İsmail Özkök'den söz aldık. Bunun üzerine çoban yanımızdan uzaklaşmış ve sürüsünün başına ulaşmıştı bile. Olasıdır kendini oldukça hafiflemiş hüssediyordu. Tarlanın ortasında böğürtlen ve diğer çalılardın kümeleşmesinden oluşan çalılık adasının kıvrılan yolundan güçlükle ilerleyip taşı bulduk. Yaklaşık 2-3 m. çapındaki yuvarlak bir boşluğun ortasındaydı. Çevresinde bir adam boyunu aşan böğürtlen çalıları, alıç ağaçları ve dikenli sarmaşıklar öylesine birbirine dolanmış ki, gerçekten bir metre ötede gizlenen birini görmek olanaksızdı. Üstelik o denli çok çocuk zıbını, entari, kazak ve çorap parçaları var ki çalılar üzerinde, sanki paçavradan bir duvar oluşmuş.
Arkadaşım benden önce varıp taşın çevresini araştırmaya başlamıştı. Ben taşı yakından görünce bir çığlık attım:
“Aman Tanrım, bu bir fallus (phallos-fallos)!” Çığlığıma İsmail Özkök şaşırdı ve bulunduğu yerden bakakaldı. Taştan gözümü ayıramıyordum; gerçekten baş kısmının birazı kırılmış ve tepesi oturmaktan çukurlaşmış fallus taşından başkası değildi. “Evliyanın taşı, evliyanın taşı, gelin taş!” diye söylenerek gülmeye başladım bu kez de. Yanıma gelen İsmail Özkök:
“Abi n'olur söyle! Seni önce şaşırtan, sonra da güldüren bu taş nedir? Ne demek fallus?” Bu soru üzerine gülmem dudaklarımda dondu. Bir an eski antik söyenceleri düşündüm:
Şarap ve bağbozumu eğlenceleri tanrısı Dionysos'la (Dionusos) bir su perisinin oğlu Priapos'un (Priapos) heykelleri gözümün önüne geldi. Bugün Çanakkale'nin Karabiga'sının yakınlarındaki antik kente de adı verilmiş Priapos, bir bereket ve döl artırma tanrısıydı. Tanrı, nerdeyse kendi boyuna yakına erkeklik organı ve onun üstündeki meyvalar ve sebzeler dolu bir sepetle bereketi, verimi simgeler. Dionysos şenliklerinde sarhoş ve kendinden geçmiş durumda ormanlara doğru koşmakta olan kadınlar, ellerinde birer fallus heykelciği taşıdıkları bilinir. Ve Delos adasındaki göğe doğru yükselen, yarısı kırılmış dev fallus ve Pisidia bölgesinde (Burdur ve Tefenni'de) dağ başlarında bulunan ve mezar taşı olarak kullanılmış kırık veya sağlam fallus heykelleri gözlerimin önünden geçti. O çevrede uygun bir de ad bulmuşlar: Mantar Taşı
Tamam, antik çağın bereket yağdıran, döllendiren, verim artıran Priapos'un simgesi fallus, tüm doğallığıyla o dönemlerin kalıtı olarak yaşamakta. Ama ya yirminci yüzyılda, N. köyünün arazisinde aynı kültün, binlerce yıl ötelerden gelip işlevini Gelin Taşı olarak sürdürmesine ne buyurulur? Nasıl açıklanabilirdi? Köyde araştırsam hiç kuşkusuz, Bekir'in anlattıklarını doğrulayacak pek çok kanıt bulacaktım. Yani taşın üzerine oturup dua etmiş, adak adamış ya da kurban kesmiş bir çok kadın, onun sayesinde çocuk sahibi olduğunu rahatlıkla anlatacaktır.

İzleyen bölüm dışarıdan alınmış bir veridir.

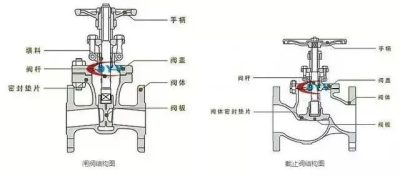 تفاوت بین یک شیر کروی (Globe Valve) و یک شیر دروازه‌ای (Gate Valve) چیست؟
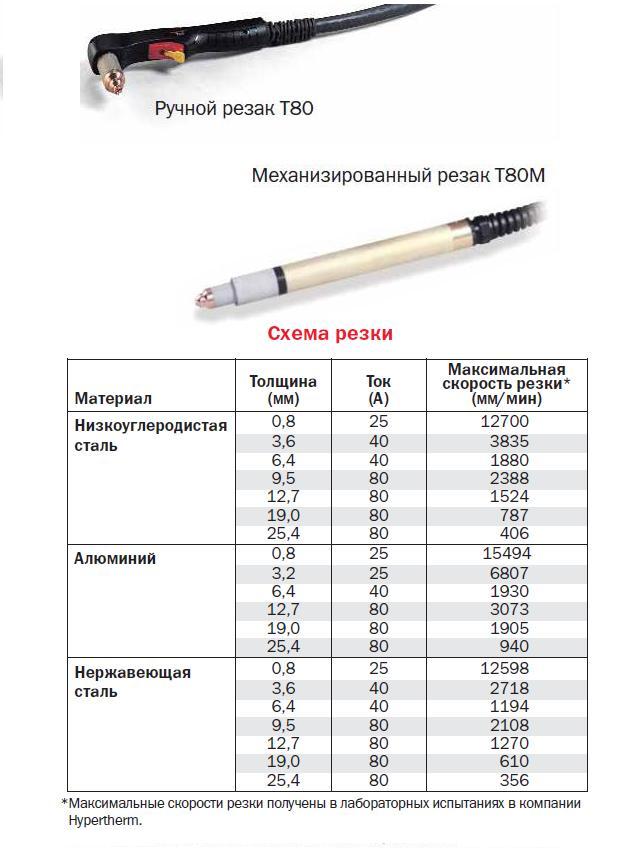 Резак ручной Т80(Т80М-механизированный) для Powermax1250 G3series (Hypertherm,США)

Ben iyiden dalmış olacağım ki, Özkök yineledi sorusunu. Ona nasıl anlatacaktım? Nasıl yanıtlayabilirim bu soruyu? Kuşkusuz doğrusunu anlatmalıydım, ama anlayabileceği bir biçimde.
“Bu taş nedir? Neden söylemek istemiyorsun? Fallus ne demek oluyor?”
Gelin taşının bulunduğu çalılık adasından çıktık. Taşın büyük bir kısmı toprağa gömülüydü, görünürde yazıtı da yoktu. Özkök habire yineliyor. Ben ise sürekli kaçamak sözlerle, onun konudan uzaklaştırmak çabasındaydım. Aslında uygun, onun anlayacağı ve inanacağı bir yanıt arıyordum. Köye doğru çıkarken birden İsmail Özkök'e döndüm:
“Bak abi, sizin köye üç saatlık yolumuz var. Güneş de battı. Eğer Hüseyin ağada kalmayıp, yola çıkmayı göze alırsan, yolda anlatırım. Bana sorarsan bitkin durumdayım; üç saat göze alamam. Ama sen salt taşın ne olduğunu söylemem için, yürümekten çekinmezsen, başa gelen çekilir der, yola düşerim.”
“Yok olmaz, dedi, burada kalalım. Saat sabah beşten beri yol yürüyoruz, şimdi de akşamın yedisi. Hüseyin ağaya konuklayacağız, benim iyi adamımdır. Sabahleyin erkenden yola çıkarız.”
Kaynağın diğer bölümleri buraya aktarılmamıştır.